Così, artisti e critici sono tutti creatori di miti, pur secondo ambiti diversi e con strumenti diversi. I critici rendono mitici gli artisti che sanno rendere mitico il mondo.
E chi rende mitici i critici? Be’, di nuovo i critici stessi, citandosi e riferendosi a.
(In questo senso, in forma più debole, anche il pubblico è formato di critici, almeno nella misura in cui si scambia opinioni su quello che ha letto/visto/ascoltato)
Si può fare a meno dei critici? Evidentemente no. Se non si rendono mitici i testi, questi non possono rendere mitico il mondo. Quando i testi sono già mitici, come quelli di Omero, è proprio perché generazioni di critici (lettori compresi, evidentemente) li hanno resi tali. Senza Omero (o chi per lui) saremmo tutti più poveri; ma lo saremmo anche senza coloro che lo hanno reso un mito.

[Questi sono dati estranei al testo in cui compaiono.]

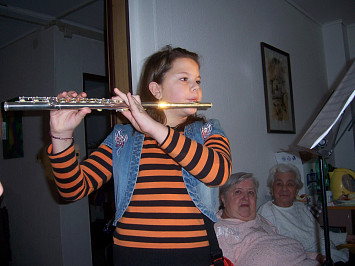 Ženy z Červeného kříže u seniorů v Kasejovicích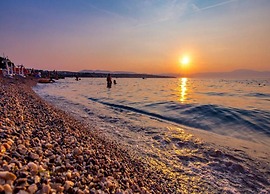 Villa With Swimming Pool and Fenced Garden
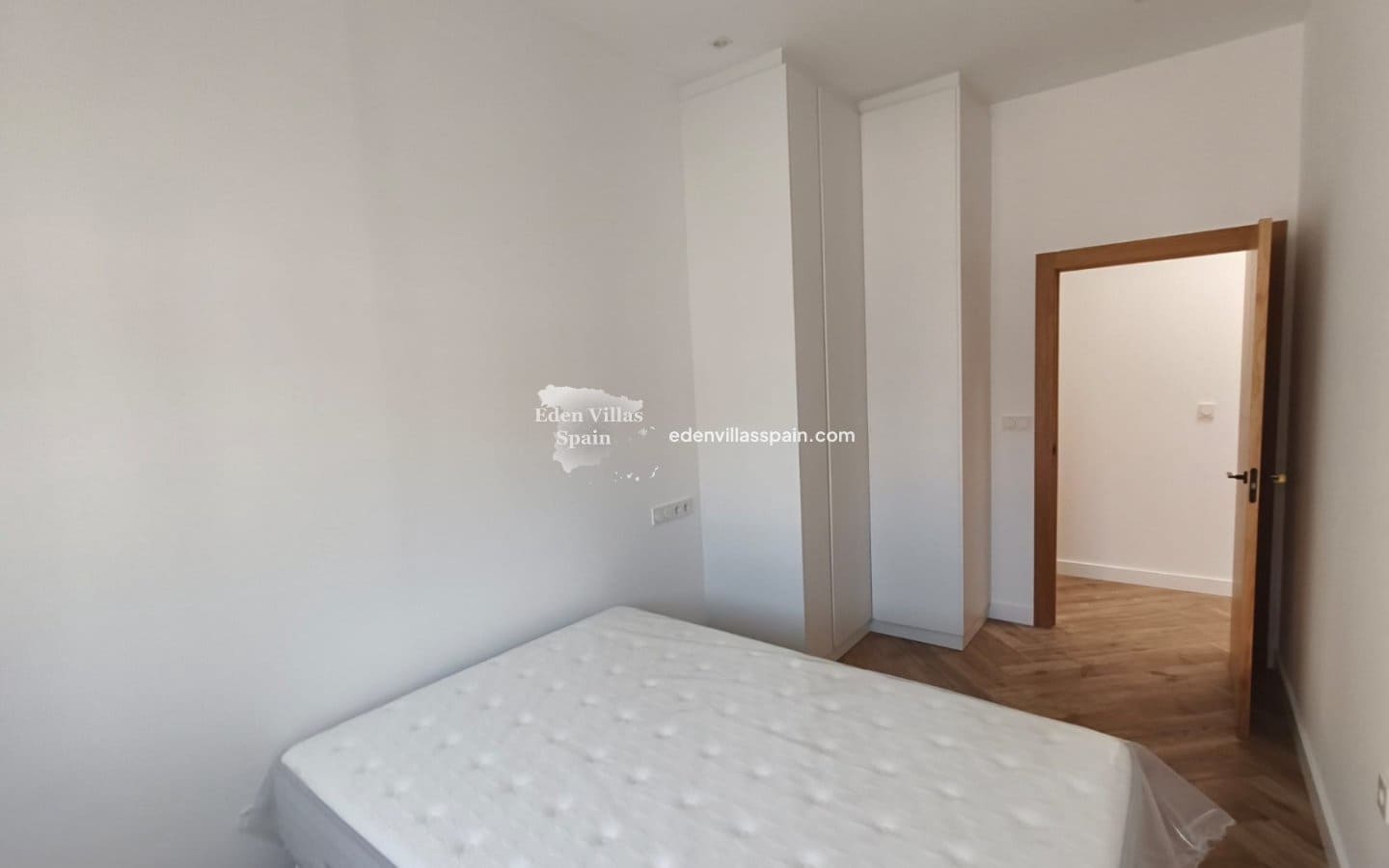 3 bedroom Townhouse for sale in Catral - € 250,000 (Ref: 9985261)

L’universo del senso è, a quanto pare, un universo di valorizzazioni intrecciate, un castello di carte in cui la parte tiene su il tutto, e il tutto tiene su la parte. Quando crolla una carta, che cosa succede?
e infatti il fumetto stenta da sempre ad esistere perchè la carta non è mai stata realizzata/accettata pienamente dai suoi stessi autori/editori/lettori.
comunque sono d’accordo.
la carta era la critica..
Sì, si capiva
Quello che mi vien da chiedermi è: ma se l’universo del senso è qualcosa di percepito fin al principio come “prodotto”, è possibile davvero avere dei miti (almeno in senso totalizzante)?

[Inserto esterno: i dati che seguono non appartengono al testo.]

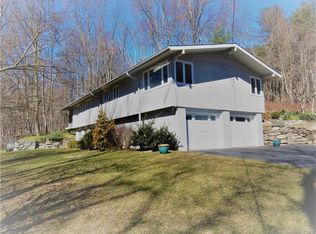 45 Codfish Ln, Weston, CT 06883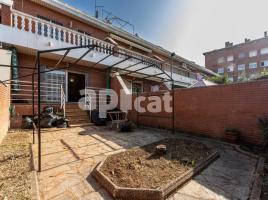 Houses (terraced house), 251 m², Zona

Confesso di non capire questa domanda. Me la potresti riformulare?
ci provo:
attacco da questo paragrafo:
“Ma se ne producono tanti! o almeno, vengono prodotti tanti testi che aspirano a essere artistici, cioè a ricoprire questo ruolo mitologizzante, che trasforma la quotidianità in leggenda, fornendo un senso alla banalità del mondo.”
se un testo artistico viene prodotto con alle spalle l’idea (prometeica?) di fornire un senso alla banalità del mondo: non è già dal principio destinato al fallimento di diventare “mito”? (il che non vuol dire che non possa essere comunque artistico: semplicemente in una maniera tale che non comprenda al suo interno la dimensione, appunto, “mitica”)
quando è avvertibile questo stacco tra universo ed universo del senso, non è già in qualche modo morta la tensione al mito? sto ragionando a partire dall’assunto che il mito si voglia come spiegazione (estetica?) del mondo e non sua sostituzione.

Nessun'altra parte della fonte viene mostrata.